People seem to be very interested in my memoir that I wrote in Edi Giunta’s Advanced Memoir class. So far I have 66 pages of a typed written memoir that includes the eighteen page memoir I wrote in Edi’s Advanced Memoir class plus more. I almost have seventy pages. I am going to have 100 pages once I finish typing Part Three and I am really excited about it. Once I have the hundred pages typed up I will show it to Edi. I’ll print all one hundred pages out and find a way to add another 100 pages to it so I can have a two hundred page memoir: a book I will call Ayesha’s Story: The Schizophrenia Memoirs.
From writing my memoir to loving and accepting myself the way I am in my 30s. I’m doing my own thing. I’m not seeking approval and I have no enemies. I am not looking too much at that woman and what she’s doing and I’m not looking at that guy over there and what he’s doing. I’m charting my own course in life.

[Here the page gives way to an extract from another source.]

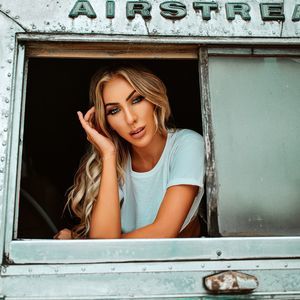 Meet your Posher, Alexandra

From writing this memoir I call Ayesha’s Story to putting on lipstick in my bedroom mirror and admiring myself. I learned the secret to happiness just being who I am and not wanting what other people have. I have enough. I don’t want more and I wouldn’t want less. I’m good! If I find a man in the next four years that will be great! I want a partner or a boyfriend. I already have admirers Black and White. I always have. I don’t look at Race as long as the man is handsome and a nice person I’d date him. I hope we can have a baby too!